(Dataset):
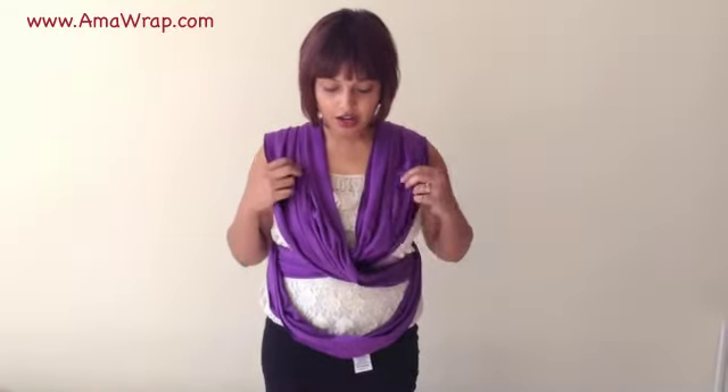Hi, my name is Shabs and I'm from Amarap. I'm going to be showing you how to put in a set of twins into the one stretchy sling. What we want to do is wrap the sling the way we normally would for one baby — I've covered that in my previous video if you want to have a look at that. Now what I'm going to do is get the twins.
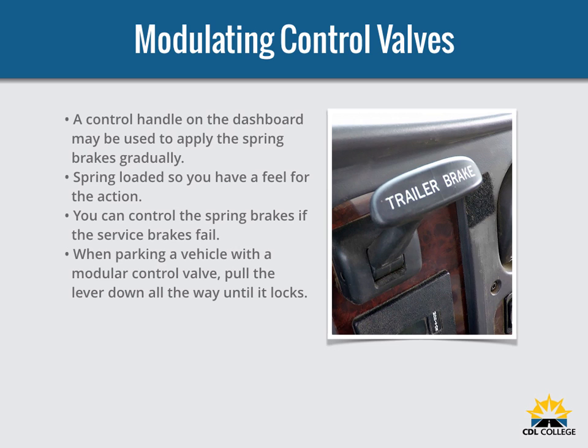In some vehicles, a control handle on the dashboard may be used to apply the spring brakes gradually — this is called a modulating valve. It is spring-loaded so you have to feel for the braking action. The more you move the control lever, the harder the spring brakes come on. This allows you to control the spring brakes if the service brakes fail. When parking a vehicle with a modulating control valve, move the lever as far as it will go and hold it in place with a locking device.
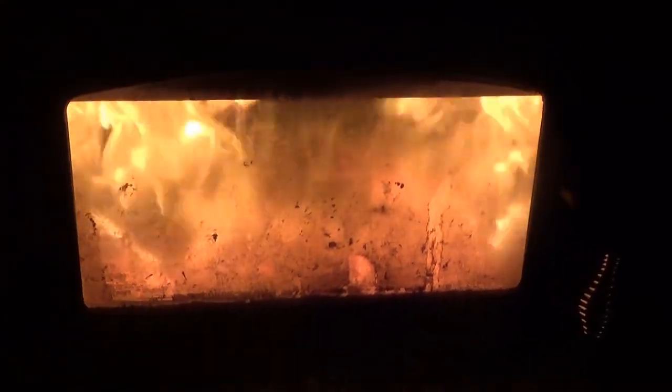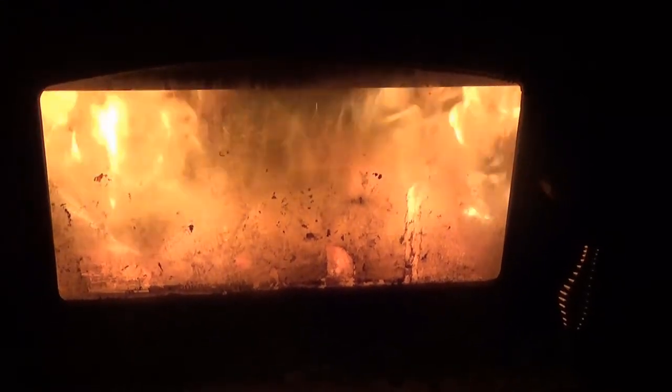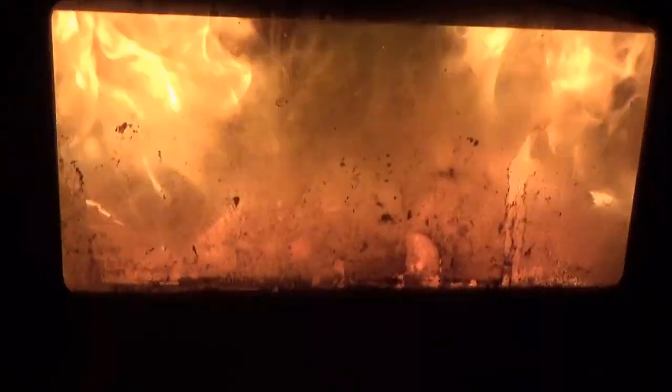Here's another shot of the flames after I just reloaded the stove with some more wood. You can just see how crazy it's going in there.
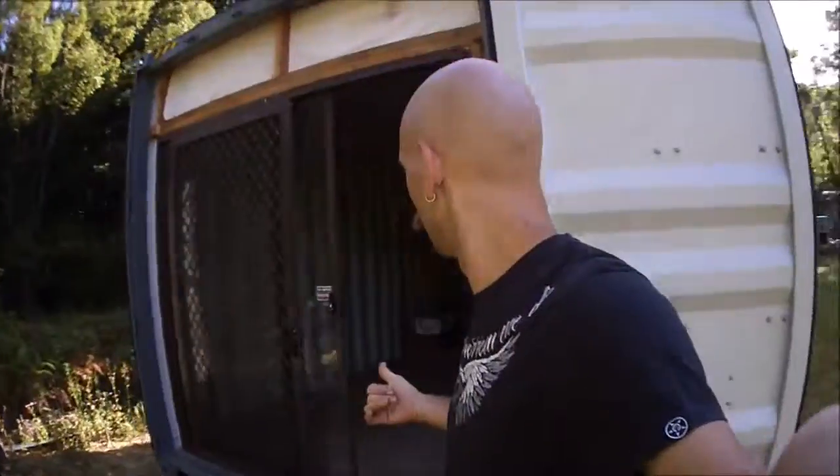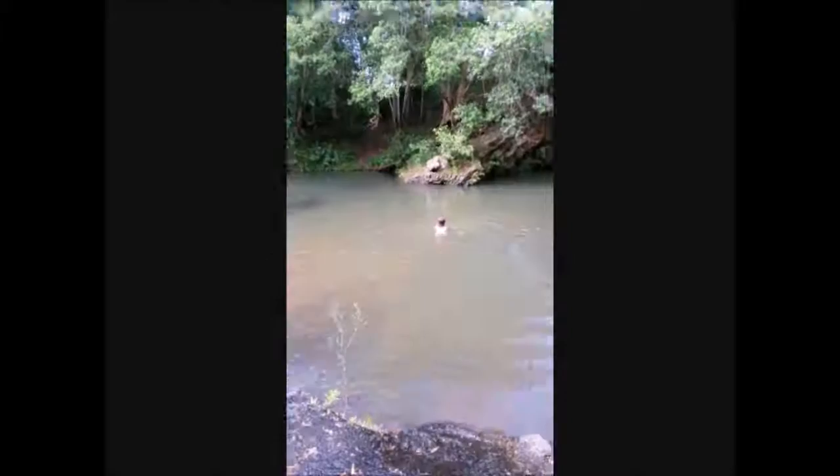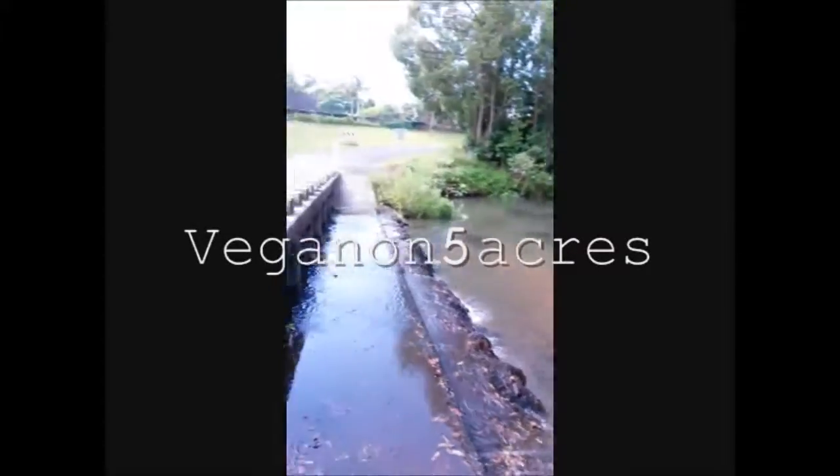Hey guys, it's Jonathan, Vegan on Five Acres here. I just wanted to give you another update on my shipping container off-grid build that's going on. Just a quick video to give you an update on what I've been working on with the off-grid shipping containers. Check it out.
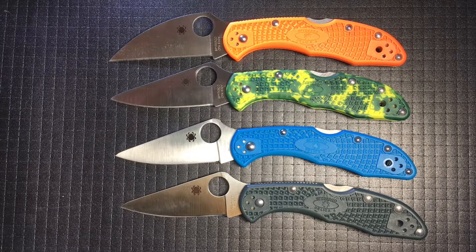Thanks for joining us for the Ode to the Spyderco Delica. I want to shout out to Slicey Dicey and his podcast that he did last week, which is what inspired this. You'll have to listen to his podcast to understand why, and I'll link it below in the description. Thanks again.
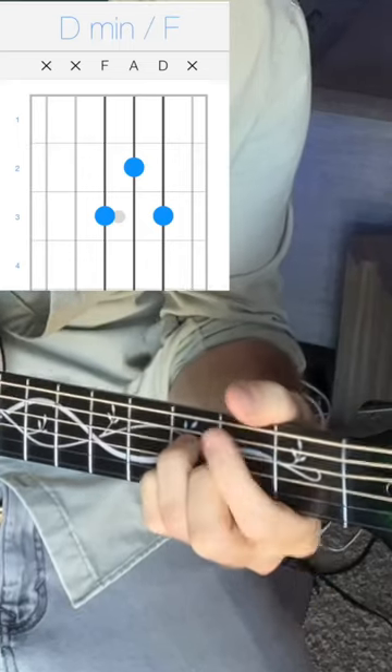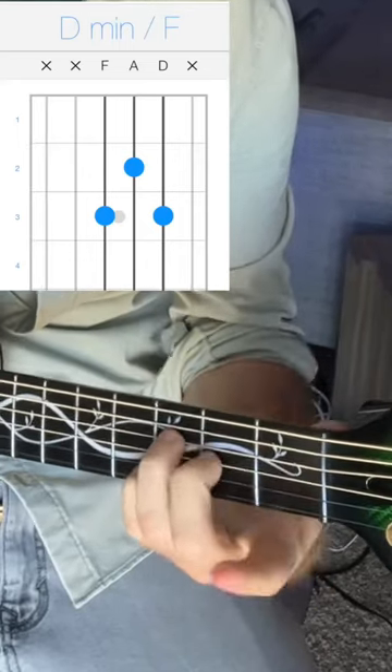Also, it's partially a D minor — the 3rd fret on the D, G, and B string is a D minor — so it's a D minor with a B in the bass. That means you can use it as a 2-5-1 in the key of C, replacing it as a D minor.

(Work to be completed): Give back all the records as they stand, but with no pictures in the copy.

(Completed exercise):
Hi, my name is Shabs and I'm from Amarap. I'm going to be showing you how to put in a set of twins into the one stretchy sling. What we want to do is wrap the sling the way we normally would for one baby — I've covered that in my previous video if you want to have a look at that. Now what I'm going to do is get the twins.
In some vehicles, a control handle on the dashboard may be used to apply the spring brakes gradually — this is called a modulating valve. It is spring-loaded so you have to feel for the braking action. The more you move the control lever, the harder the spring brakes come on. This allows you to control the spring brakes if the service brakes fail. When parking a vehicle with a modulating control valve, move the lever as far as it will go and hold it in place with a locking device.
Here's another shot of the flames after I just reloaded the stove with some more wood. You can just see how crazy it's going in there.
Hey guys, it's Jonathan, Vegan on Five Acres here. I just wanted to give you another update on my shipping container off-grid build that's going on. Just a quick video to give you an update on what I've been working on with the off-grid shipping containers. Check it out.
Thanks for joining us for the Ode to the Spyderco Delica. I want to shout out to Slicey Dicey and his podcast that he did last week, which is what inspired this. You'll have to listen to his podcast to understand why, and I'll link it below in the description. Thanks again.
Also, it's partially a D minor — the 3rd fret on the D, G, and B string is a D minor — so it's a D minor with a B in the bass. That means you can use it as a 2-5-1 in the key of C, replacing it as a D minor.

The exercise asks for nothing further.